AIM OF THE EXERCISE:
Images aside, return all the entries exactly.

RECORDS FOR THIS TASK Block Start

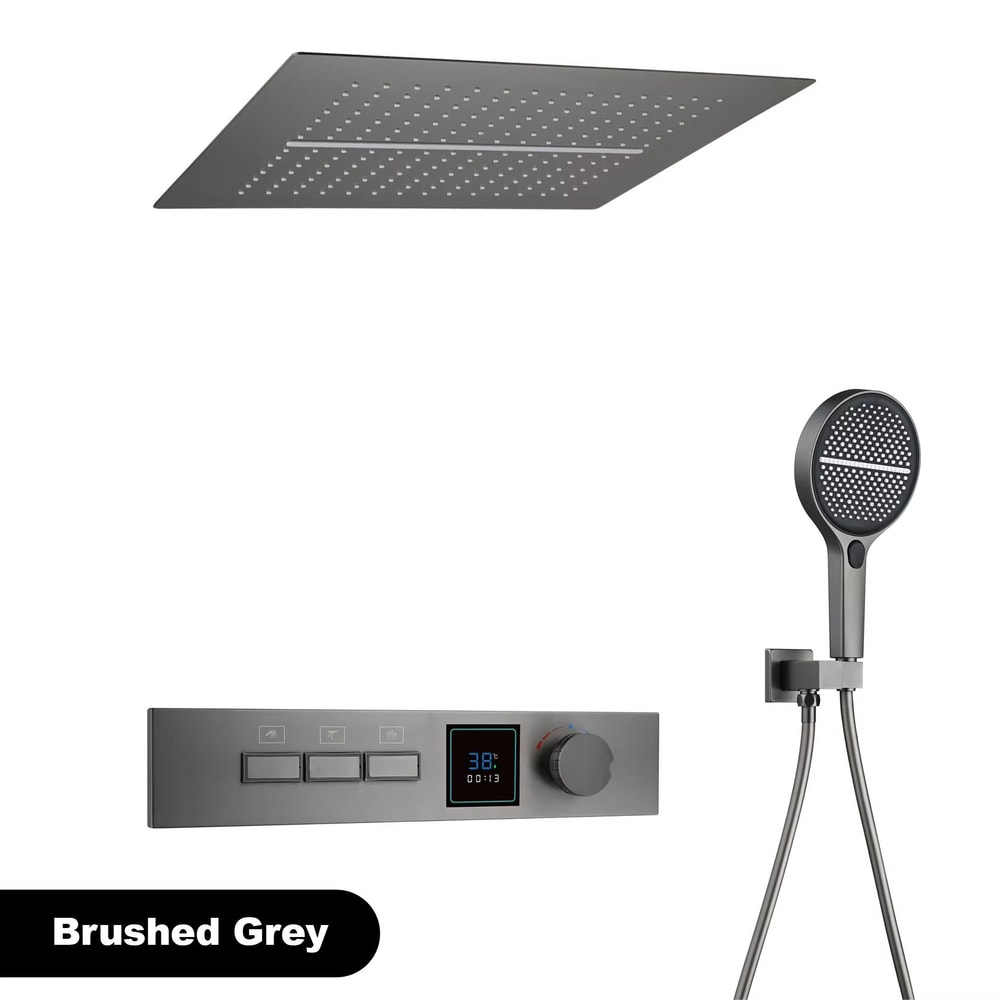 Gunmetal Brass LED Temperature Display Rainfall Waterfall Shower System 9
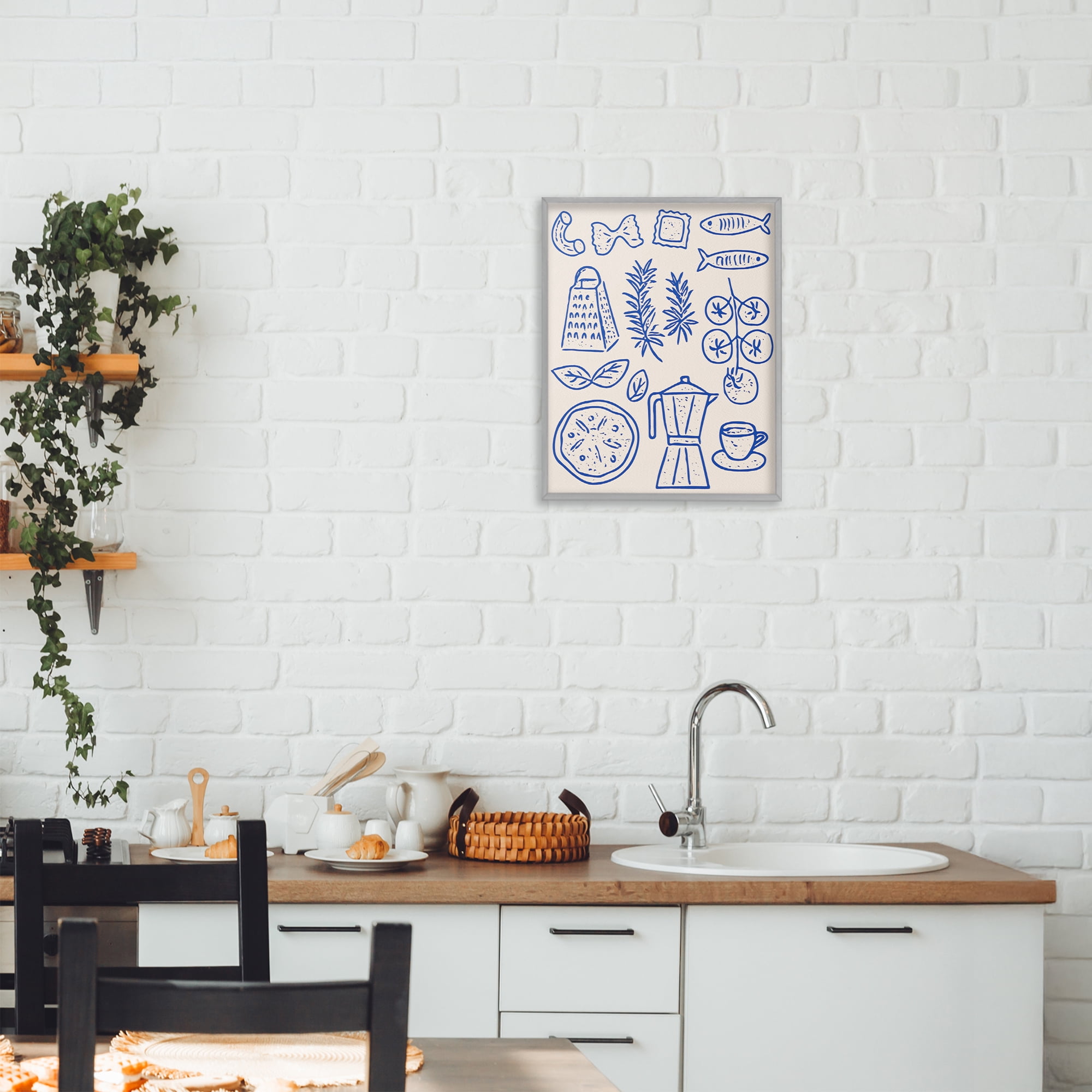 Stupell Industries Pasta & Espresso Simplicity Gray Framed Giclee Art, design by Camila Juncos
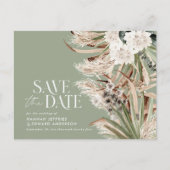 Moderne rustige pampas eucalyptus botanical QR cod Aankondigingskaart (Voorkant)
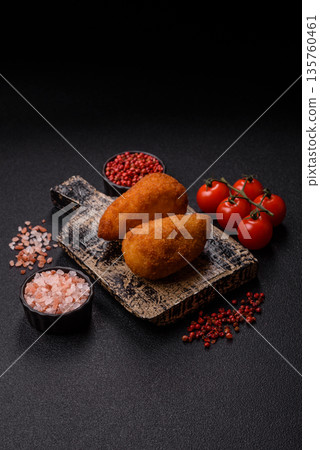 Chicken Kyiv cutlet with buttery filling, a lunch of chicken breast meat. Chicken Kyiv cutlet Chicken Kyiv cutlet with buttery filling, a lunch of chicken breast meat. Chicken Kyiv cutlet 135760461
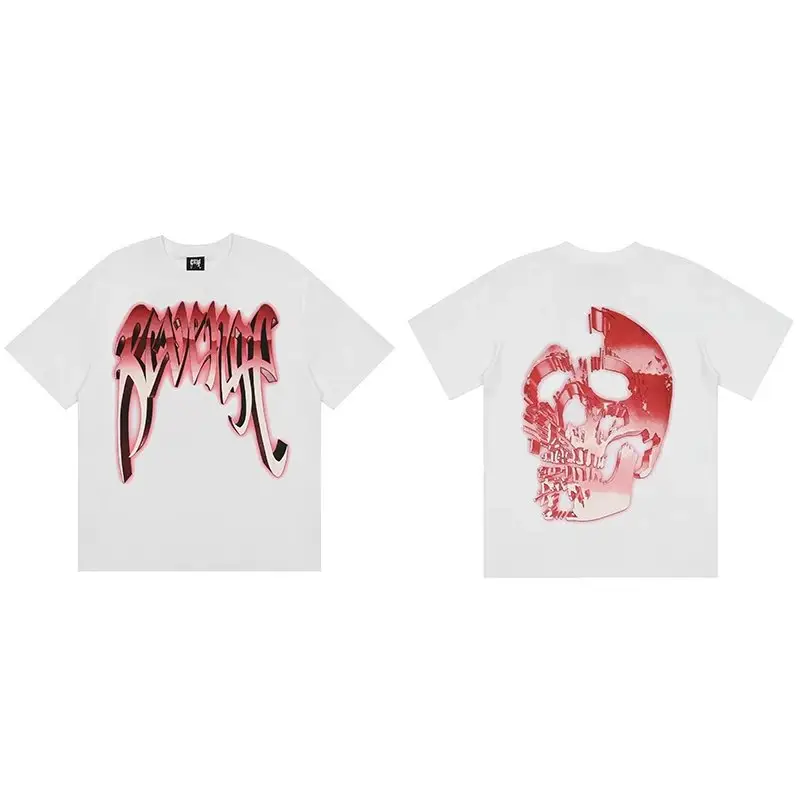 Revenge T-Shirts — Rose red white red metal skull colorway — Joyagoo Spreadsheet photo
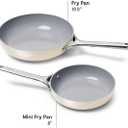 Caraway Nonstick Ceramic Frying Pan (2.7 qt, 10.5") - Non Toxic, PTFE & PFOA Free - Oven Safe & Compatible with All Stovetops (Gas, Electric & Induction) - Cream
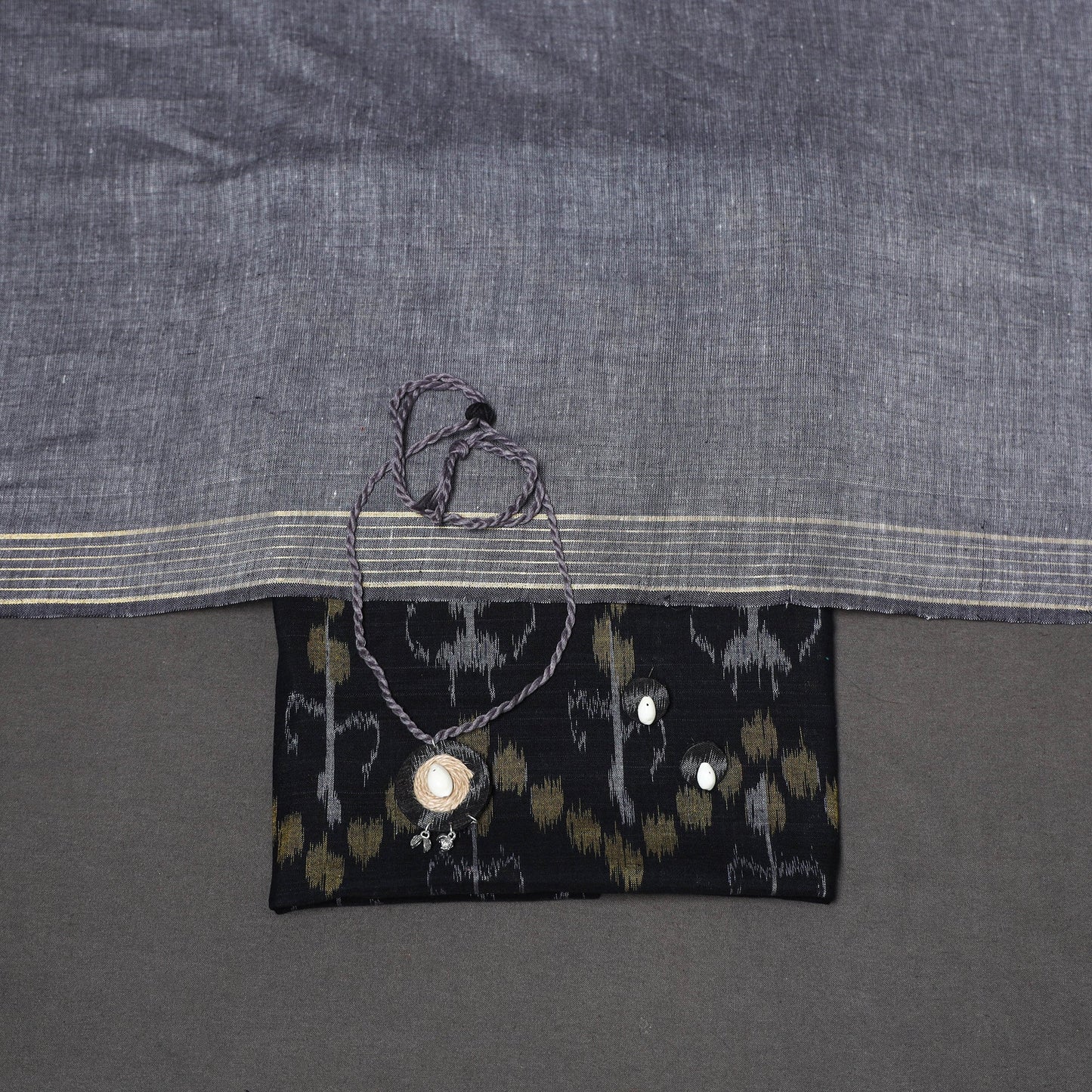 Black - 3pc unstitched maniabandha ikat dress material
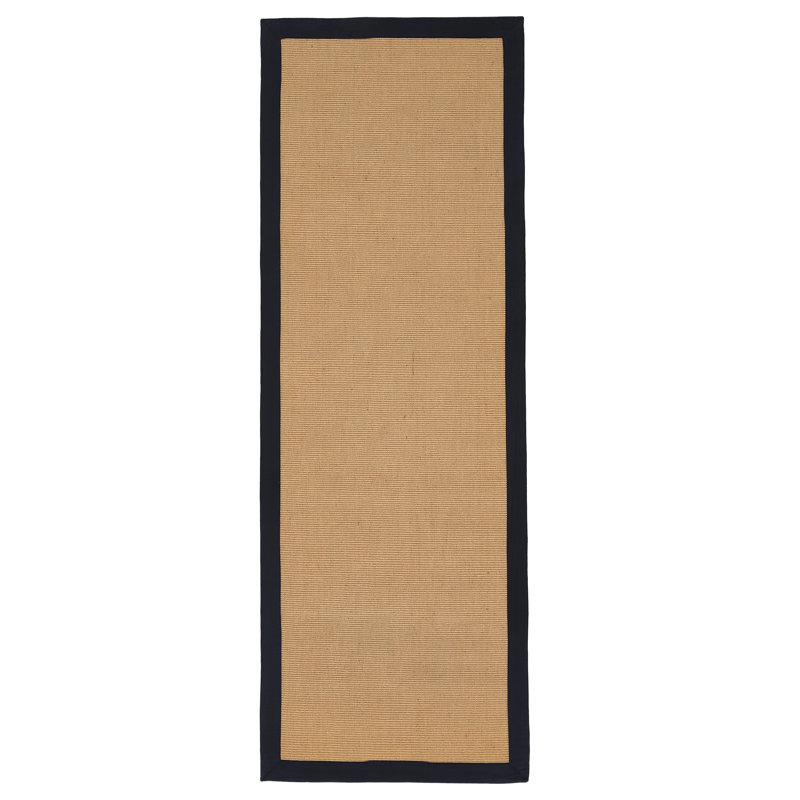 Sisal Hand Woven Black Rug, Runner 75 x 300cm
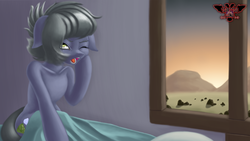 Size: 3840x2160 | Tagged: safe, artist:tsaritsaluna, limestone pie, earth pony, pony, g4, bed, blanket, female, high res, mare, messy mane, morning, morning ponies, mountain, rock, solo, sunrise, waking up, window, yawn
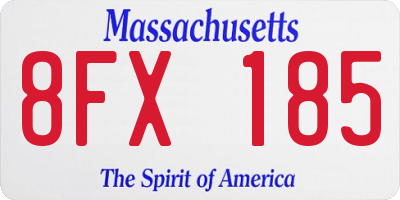 MA license plate 8FX185
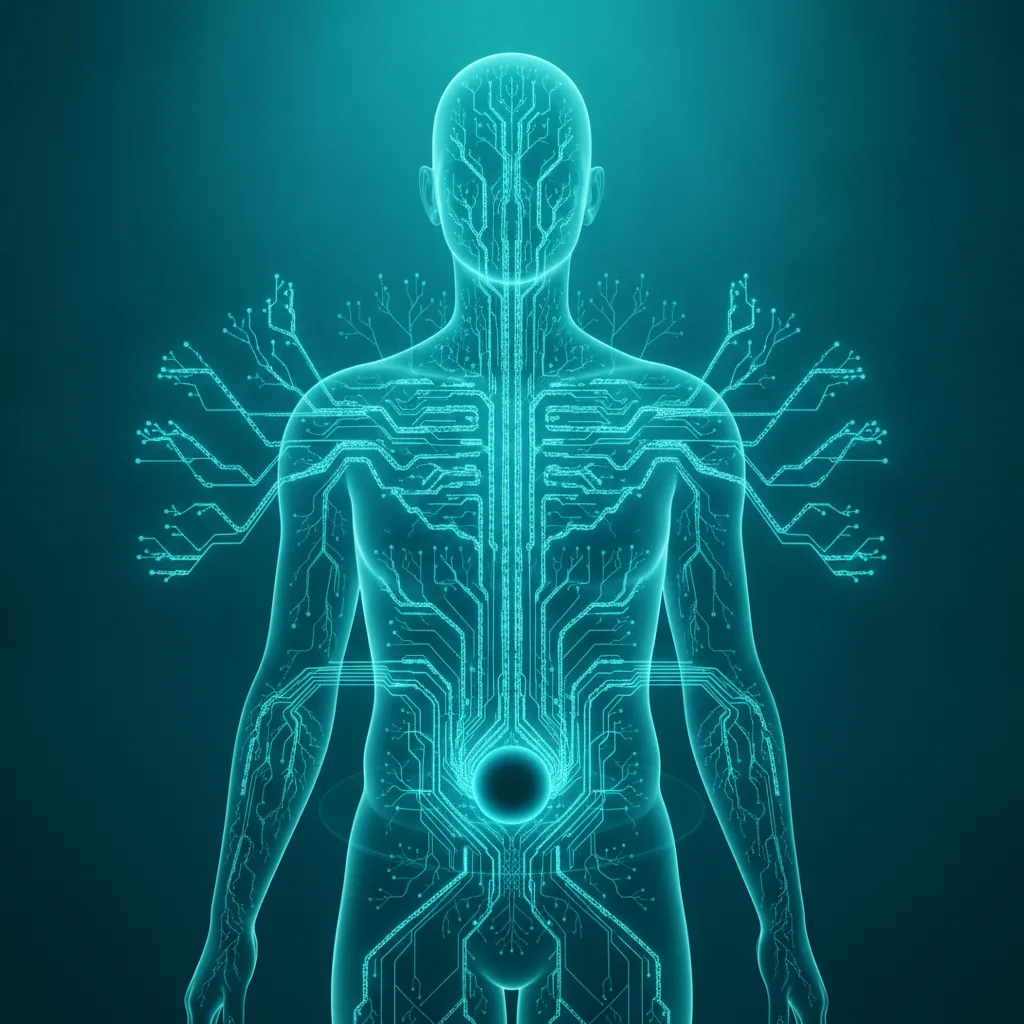 Human body showing bioelectrical circuit pathways connecting organ and gland systems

RECORDS FOR THIS TASK Block End

ANSWER BELOW:
 Gunmetal Brass LED Temperature Display Rainfall Waterfall Shower System 9
 Stupell Industries Pasta & Espresso Simplicity Gray Framed Giclee Art, design by Camila Juncos
 Moderne rustige pampas eucalyptus botanical QR cod Aankondigingskaart (Voorkant)
 Chicken Kyiv cutlet with buttery filling, a lunch of chicken breast meat. Chicken Kyiv cutlet Chicken Kyiv cutlet with buttery filling, a lunch of chicken breast meat. Chicken Kyiv cutlet 135760461
 Revenge T-Shirts — Rose red white red metal skull colorway — Joyagoo Spreadsheet photo
 Caraway Nonstick Ceramic Frying Pan (2.7 qt, 10.5") - Non Toxic, PTFE & PFOA Free - Oven Safe & Compatible with All Stovetops (Gas, Electric & Induction) - Cream
 Black - 3pc unstitched maniabandha ikat dress material
 Sisal Hand Woven Black Rug, Runner 75 x 300cm
 Size: 3840x2160 | Tagged: safe, artist:tsaritsaluna, limestone pie, earth pony, pony, g4, bed, blanket, female, high res, mare, messy mane, morning, morning ponies, mountain, rock, solo, sunrise, waking up, window, yawn
 MA license plate 8FX185
 Human body showing bioelectrical circuit pathways connecting organ and gland systems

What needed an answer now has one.